What to do: For the material below, reproduce exactly each line from the one that has "81匹新西兰纯血马及赛事用马助力驭马文化节，精彩不容错过！" through the one that has "Photograph by наталья залогина", and no others; pictures stay out.

Data for processing:
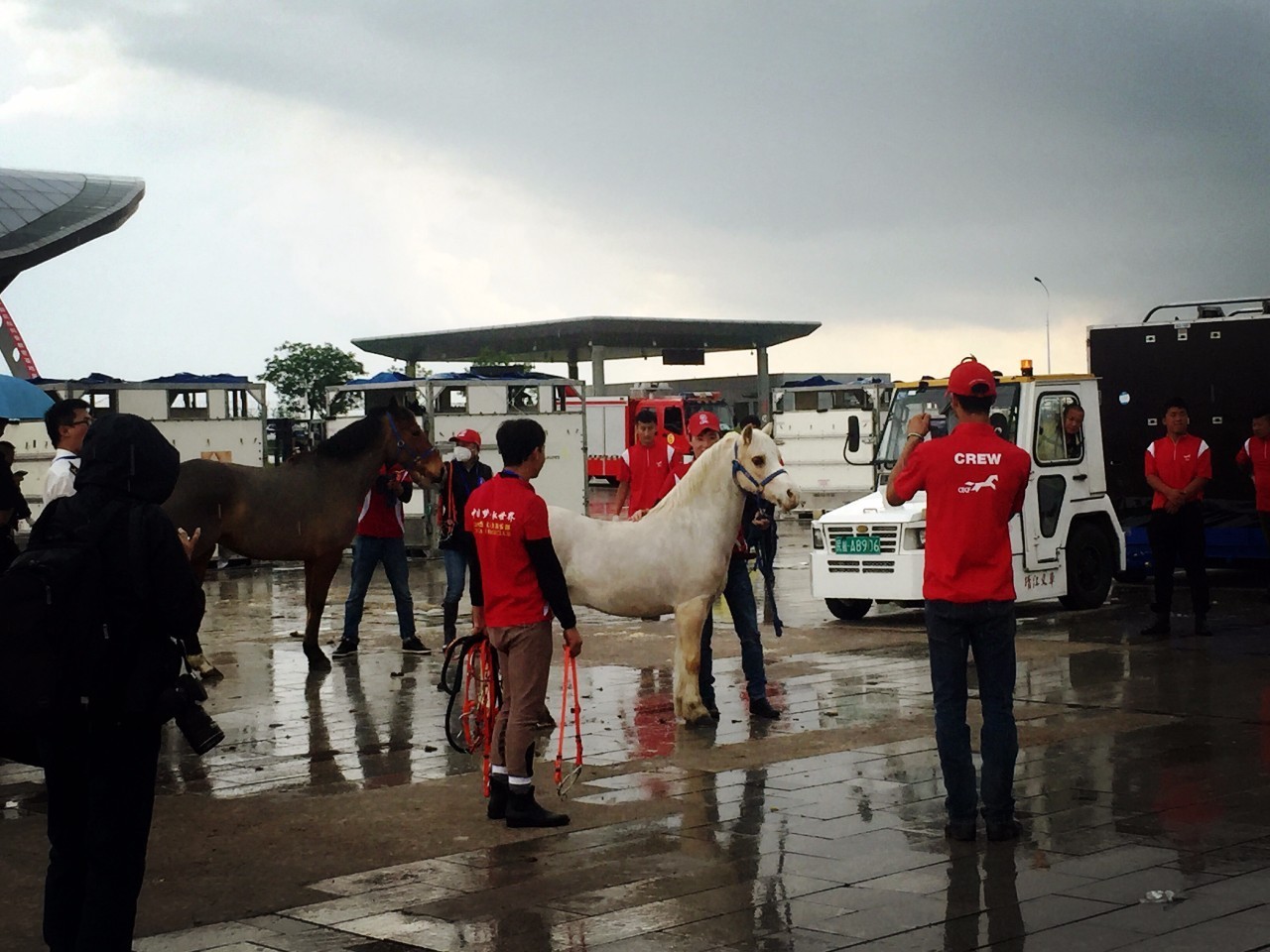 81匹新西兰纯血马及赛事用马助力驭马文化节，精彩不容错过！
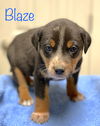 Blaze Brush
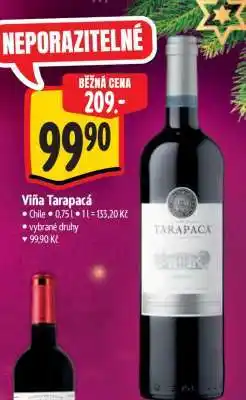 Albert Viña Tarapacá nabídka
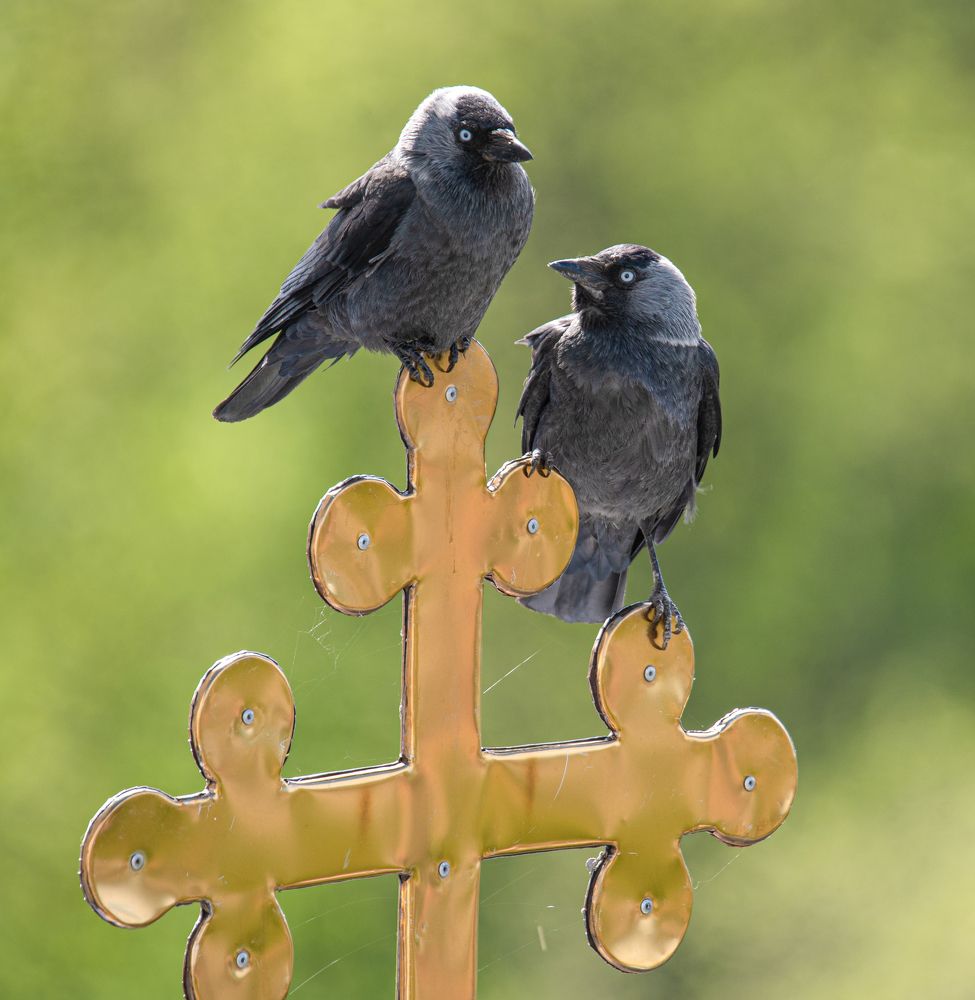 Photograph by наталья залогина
...
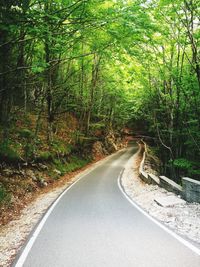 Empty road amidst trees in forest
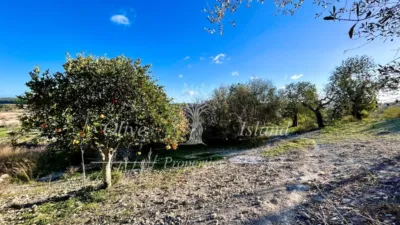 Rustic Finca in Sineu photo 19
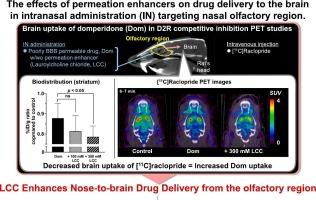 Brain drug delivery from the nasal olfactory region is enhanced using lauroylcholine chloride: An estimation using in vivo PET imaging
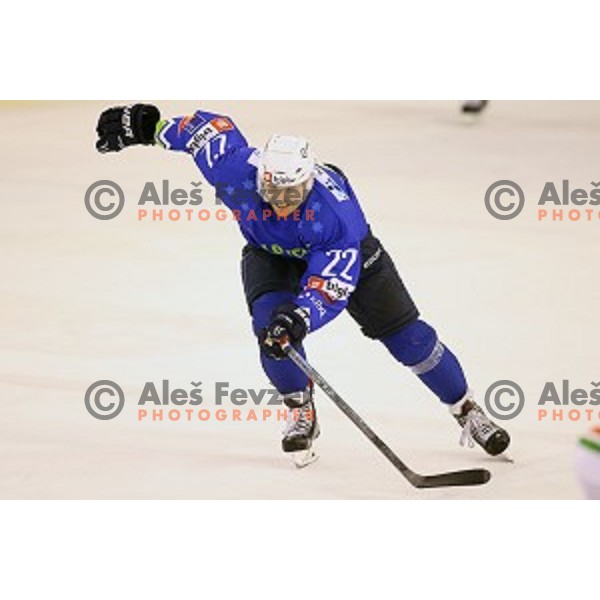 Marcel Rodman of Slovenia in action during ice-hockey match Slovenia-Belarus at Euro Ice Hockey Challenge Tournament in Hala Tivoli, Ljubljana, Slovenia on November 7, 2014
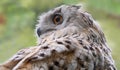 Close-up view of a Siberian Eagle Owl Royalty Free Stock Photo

Answer to the exercise:
 81匹新西兰纯血马及赛事用马助力驭马文化节，精彩不容错过！
 Blaze Brush
 Albert Viña Tarapacá nabídka
 Photograph by наталья залогина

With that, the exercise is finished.